## ABOUT THIS EXERCISE
A verbatim copy of all the data is required, minus any images.

## SUPPLIED INFORMATION

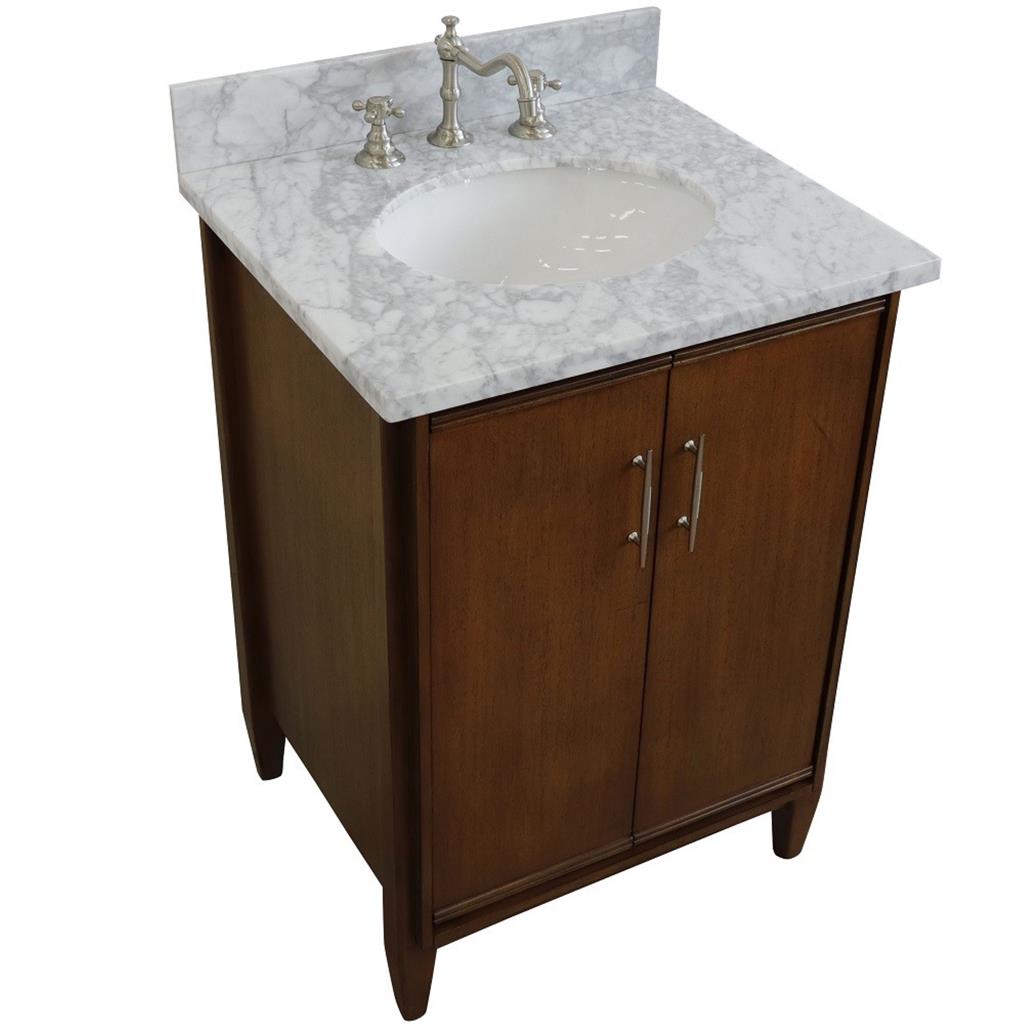 Bellaterra MCM 25" Single Vanity, Walnut, White Carrara Marble Top/Oval Sink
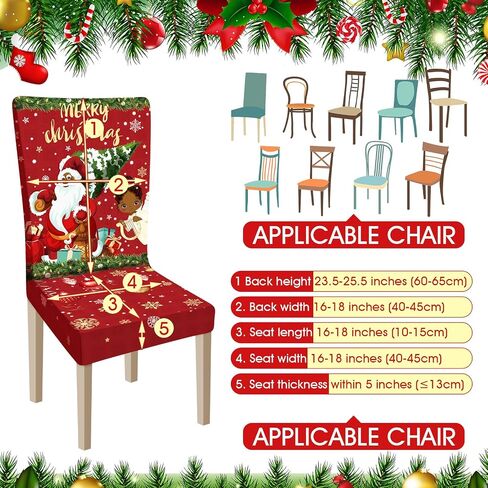 Ganeen 6 Pcs Christmas Chair Covers Merry Christmas Chair Back Cover Stretch Christmas Seat Cover Washable Xmas Dining Chair Protector Slipcover for Dining Room Kitchen Holiday Party (African Style) in Kuwait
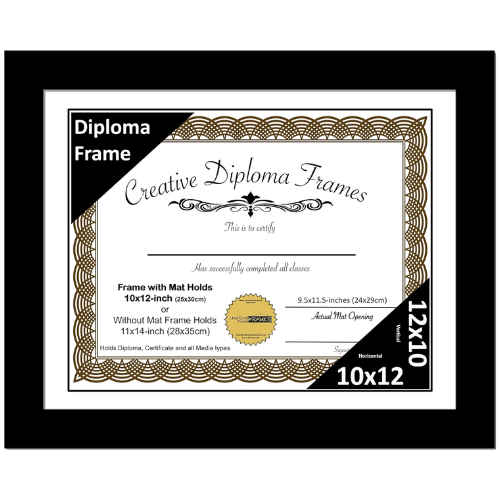 6x8 Black Diploma Frame with Mat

## TASK OUTPUT
 Bellaterra MCM 25" Single Vanity, Walnut, White Carrara Marble Top/Oval Sink
 Ganeen 6 Pcs Christmas Chair Covers Merry Christmas Chair Back Cover Stretch Christmas Seat Cover Washable Xmas Dining Chair Protector Slipcover for Dining Room Kitchen Holiday Party (African Style) in Kuwait
 6x8 Black Diploma Frame with Mat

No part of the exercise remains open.